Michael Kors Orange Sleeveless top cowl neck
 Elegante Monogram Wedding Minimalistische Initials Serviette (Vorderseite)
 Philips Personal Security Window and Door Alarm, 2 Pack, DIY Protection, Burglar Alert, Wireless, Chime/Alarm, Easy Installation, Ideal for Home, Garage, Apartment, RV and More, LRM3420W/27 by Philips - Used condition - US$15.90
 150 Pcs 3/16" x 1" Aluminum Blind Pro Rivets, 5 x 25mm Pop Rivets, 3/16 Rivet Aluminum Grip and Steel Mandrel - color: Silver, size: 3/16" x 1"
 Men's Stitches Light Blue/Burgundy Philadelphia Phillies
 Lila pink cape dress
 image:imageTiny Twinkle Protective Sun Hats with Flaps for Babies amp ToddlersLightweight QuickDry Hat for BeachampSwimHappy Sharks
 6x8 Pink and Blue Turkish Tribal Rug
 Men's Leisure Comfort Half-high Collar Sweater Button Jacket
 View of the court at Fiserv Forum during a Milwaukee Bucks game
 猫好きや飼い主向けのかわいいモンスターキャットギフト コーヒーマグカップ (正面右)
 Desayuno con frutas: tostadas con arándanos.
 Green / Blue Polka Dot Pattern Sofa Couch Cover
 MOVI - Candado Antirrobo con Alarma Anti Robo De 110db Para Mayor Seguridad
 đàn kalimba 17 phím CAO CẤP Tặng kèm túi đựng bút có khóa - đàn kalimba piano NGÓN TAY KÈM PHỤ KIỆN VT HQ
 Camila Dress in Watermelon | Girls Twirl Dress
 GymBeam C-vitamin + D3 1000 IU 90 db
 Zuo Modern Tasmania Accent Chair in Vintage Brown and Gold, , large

■ Task prompt ■
Using the entries above, output exactly the lines between the line holding "Aluminum Blind Pro" and the line holding "Lila pink cape dress", end lines included, and nothing more.

■ Exercise response ■
 150 Pcs 3/16" x 1" Aluminum Blind Pro Rivets, 5 x 25mm Pop Rivets, 3/16 Rivet Aluminum Grip and Steel Mandrel - color: Silver, size: 3/16" x 1"
 Men's Stitches Light Blue/Burgundy Philadelphia Phillies
 Lila pink cape dress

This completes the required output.